L'agitation de la rue, les mules et les chevaux qui l'encombraient, les portes de l'hôtel grandes ouvertes et toute la troupe des jeunes apprentis copistes, sortis de chez les parcheminiers voisins, qui bayaient aux corneilles devant les bagages, tout cela lui apprit le retour de son époux. Elle n'en fut pas surprise car elle s'attendait chaque jour à le voir revenir. Seulement contrariée. Elle eût préféré qu'il revînt plus tard dans la journée pour avoir le temps de se mieux préparer à une entrevue dont elle ignorait le déroulement.
Dans le vestibule, elle rencontra Tiercelin qui surveillait l'entrée d'un gros coffre clouté de fer.
— Mon époux m'a-t-il demandée ? fit-elle en ôtant le voile de ses cheveux.
Le majordome salua profondément et secoua la tête.
— Pas que je sache, Madame. Messire Garin est monté directement à son appartement. Je ne l'ai pas encore vu redescendre.
— Il y a longtemps qu'il est arrivé ?
— Une heure environ. Madame veut-elle que je le fasse prévenir ?
— Non, c'est inutile. Je préfère prendre le temps de changer de toilette.
Messire Garin n'aime guère les robes trop simples... ajouta-t-elle avec un sourire en désignant la robe de légère soie blanche qu'elle portait ce matin-là sur une sous-jupe vert feuille.
Rapidement, elle escalada les marches de pierre qui menaient à sa chambre, Perrine sur les talons.
— Viens vite me changer...
Mais, en entrant dans la chambre de Catherine, les deux femmes poussèrent un cri de saisissement. La chambre était transformée en quelque chose de magique et de démentiel, une sorte de caverne d'Ali Baba. Tous les meubles avaient disparu sous un amoncellement prodigieux de tissus merveilleux. Ce n'étaient, sur les fauteuils, les coffres, les tabourets et les crédences, que flots de brocarts de toutes couleurs, moirés d'or, givrés d'argent, brodés de pierres scintillantes, se déversant en une orgie fantastique de couleurs. Tombant du baldaquin, une cascade de blanches dentelles flamandes, de Bruges, de Malines, de Bruxelles, jetait sur tant de couleur sa neigeuse avalanche. Au milieu de la pièce, un gros coffre d'argent, grand ouvert, montrait des flacons d'or, de cristal, de jade et de cornaline qui emplissaient l'air d'un grisant mélange de parfums...
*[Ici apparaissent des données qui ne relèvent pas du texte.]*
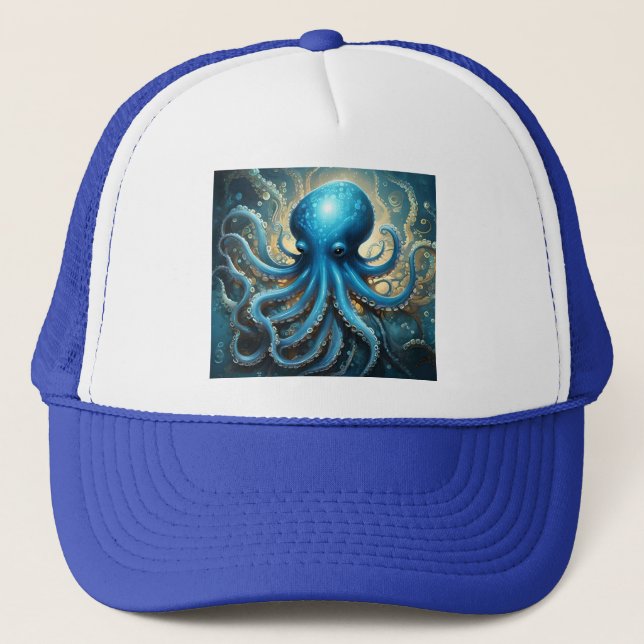 Celestial Waves: The Blue Octopus Fractal Art Trucker Hat (Front)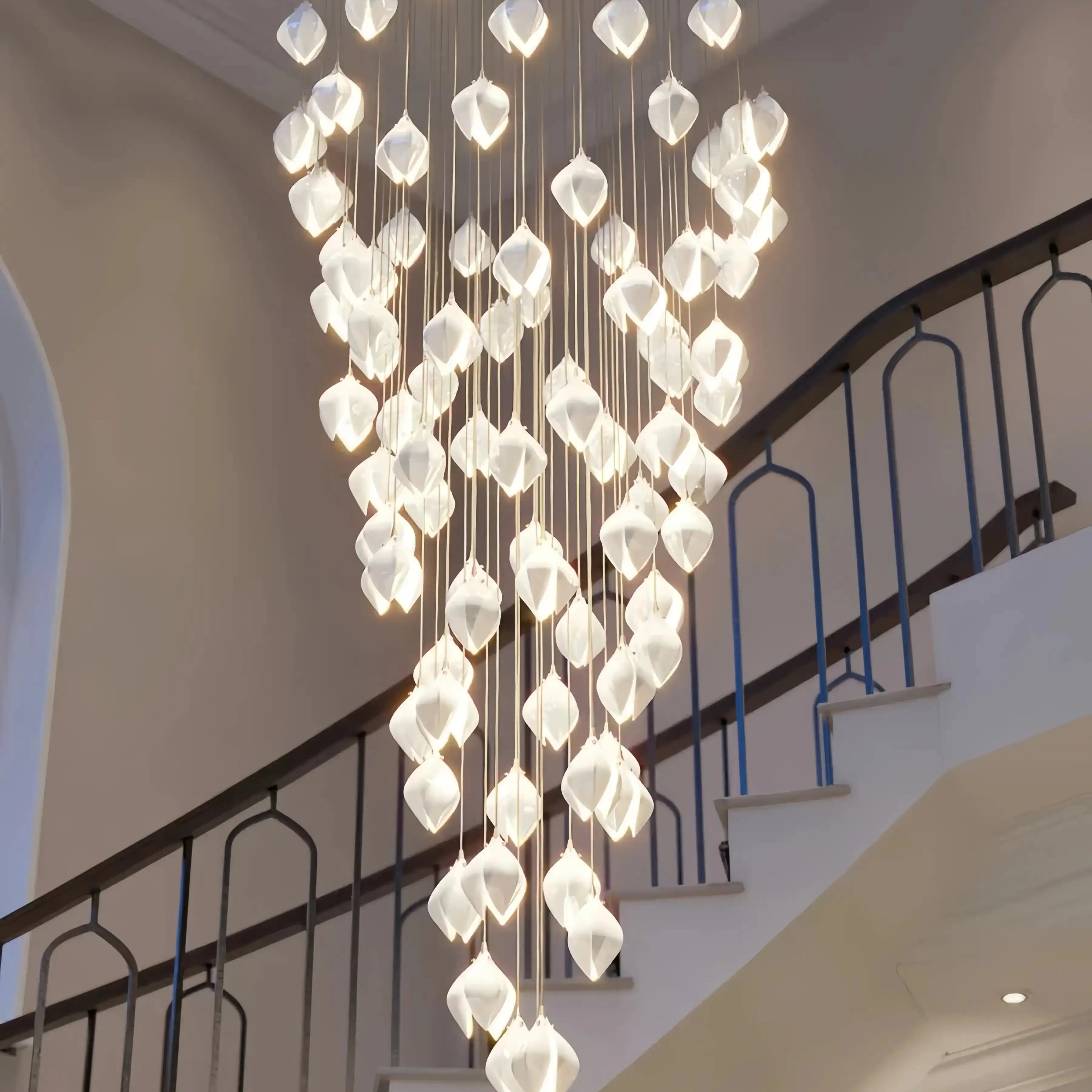Bloom Chandelier - 26 Lights | Ellipse styleEmitting White LightingBlushlighting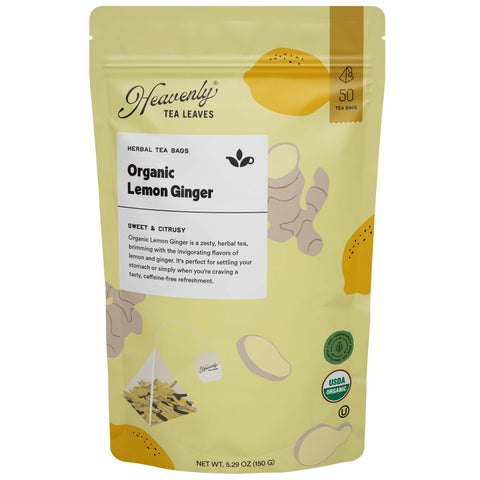 Heavenly Tea Leaves Organic Lemon Ginger, Bulk Compostable Pyramid Tea Bags (50 Count)  - 5.29 OZ 1 Pack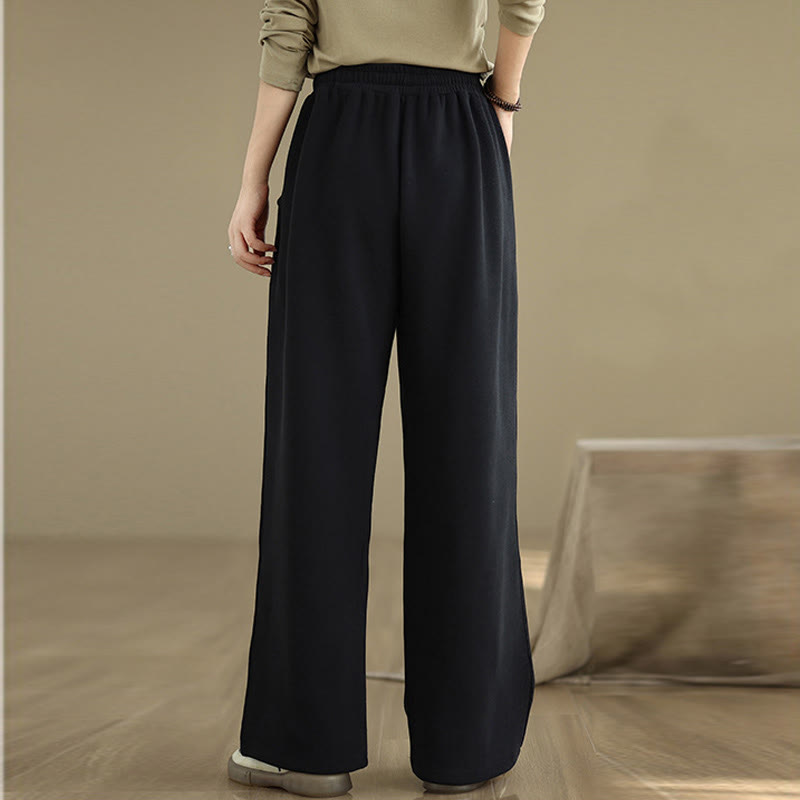 Buddha Stones無地ドローストリングコットンレディースワイドレッグパンツ（ポケット付き） - image 11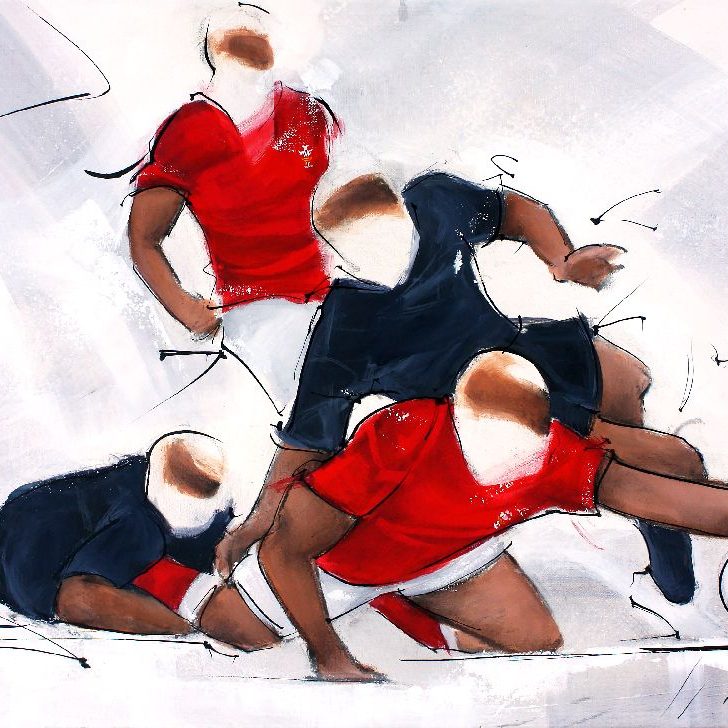 Art Sport Rugby : Painting - All Blacks vs Wales - Arms Park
Médusée, Catherine s'avança au milieu de l'extraordinaire floraison soyeuse. Perrine, elle, était restée clouée au seuil de la porte, mains jointes et bouche bée. Catherine, en se tournant vers elle, la vit soudain plonger dans une profonde révérence et comprit que Garin approchait. Quelque chose trembla en elle, mais elle fit un effort pour se dominer, avala sa salive et, serrant ses mains sur le cuir doré de son missel, fit face à la porte, bien droite, attendant.
L'instant suivant, Perrine s'était esquivée et Garin était là, sans que Catherine ait pu percevoir son pas dans la galerie. Suivant son habitude, il s'arrêta dans le cadre de la porte, regardant sa femme sans faire un seul geste. Pour une fois, il était vêtu de violet foncé que relevait à peine une mince guirlande d'argent au bord de son pourpoint et de ses manches. Tête nue, il montrait sa courte calotte de cheveux noirs, touchés d'argent vers les tempes. Il n'avait pas encore pris le temps de changer de vêtements. Sa tunique montrait ses longues jambes musclées et ses bottes de cheval étaient couvertes de poussière. Les traits de son visage maigre étaient immobiles.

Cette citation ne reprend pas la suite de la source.